Eine nicht überraschende Folge ist, dass sie den Verbrauchern einen noch nie dagewesenen Zugang zu illegalen – und oft geheimnisvollen – Substanzen ermöglicht. Jedes Jahr geben etwa ein Viertel bis ein Drittel der GDS-Befragten an, dass sie seit der Nutzung des Darknets eine größere Bandbreite an Drogen konsumiert haben. Die Breite des Produktangebots im Darknet in Verbindung mit der relativ niedrigen Einstiegshürde schafft Einfallstore für neuartiges Drogenkonsumverhalten, bei dem Menschen neue Substanzen ausprobieren, nur weil sie ihnen plötzlich zur Verfügung gestellt werden.
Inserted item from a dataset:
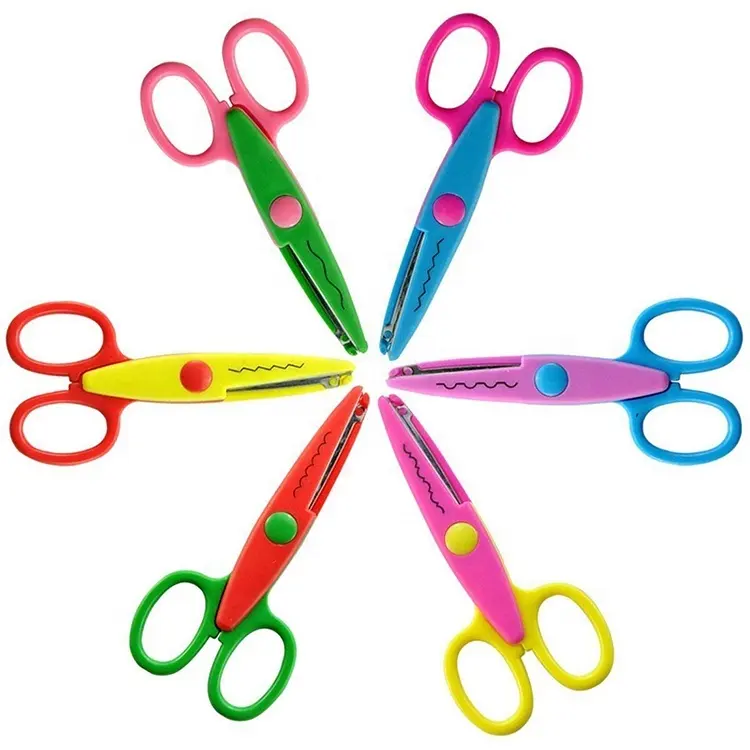 Hot sale 6 styles kids scissors zig zag Lace kids scissors With Different Shapes DIY Craft Scissors handmade cutting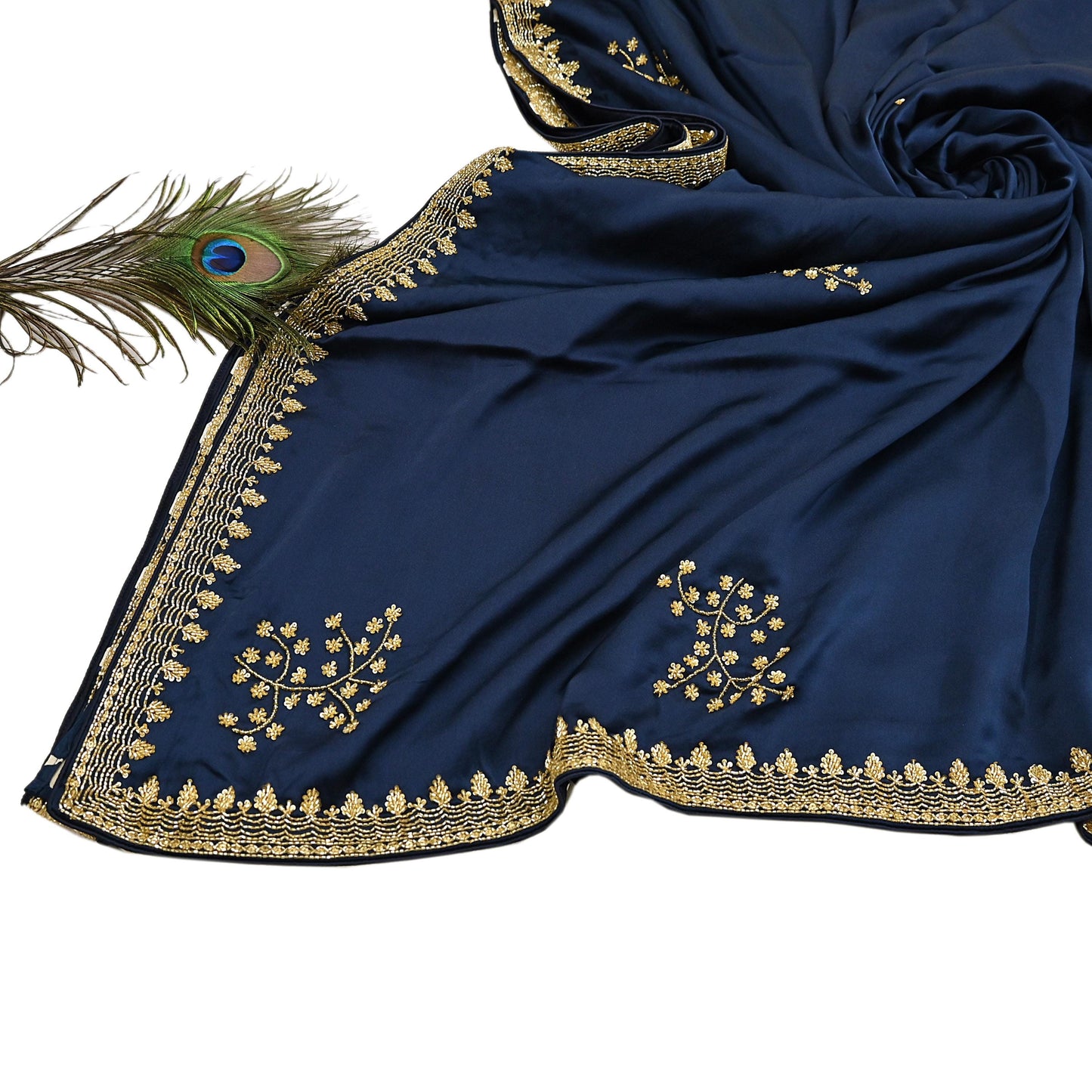 Rare Vintage Blue & Ivory Pure Satin Silk Saree Hand Embroidered Fabric 5.5 Yards Sari Bollywood Party Wear Ethnic Saree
Ein weiterer besorgniserregender Nebeneffekt ist jedoch, dass Menschen, die Drogen im Darknet kaufen und nicht über einen Kontakt oder einen Freund, diese Drogen möglicherweise allein konsumieren.

Aus diesem Grund rief Dr. Barratt die Nutzer des Darknets dazu auf, Vorsicht walten zu lassen – und, wo immer möglich, jemandem mitzuteilen, was sie konsumieren werden und wann und wo.

Drogen im Darknet online kaufen

“Es kann sein, dass die gesamte Erfahrung einer Person mit dem Drogenkonsum im Darknet begonnen hat und sich tatsächlich auf das Darknet beschränkt”, erklärte sie. “Das Risiko besteht darin, dass sie allein konsumieren. Deshalb sollte man sicherstellen, dass, wenn man zum ersten Mal etwas nimmt, auch wenn man allein ist, jemand da draußen weiß, dass man das tun wird, und dass jemand da draußen eine ‘Check-in mit mir in einer Stunde’ hat und deine Daten kennt.

“Das ist natürlich schwierig, denn dieses Zeug ist meist illegal und viele Leute machen ein Geheimnis aus dem, was sie tun. Aber die Sorge wäre, dass jemand etwas kauft, vielleicht die falsche Dosis oder die falsche Droge nimmt oder eine schlechte Zeit hat und nicht unbedingt jemanden dabei hat.”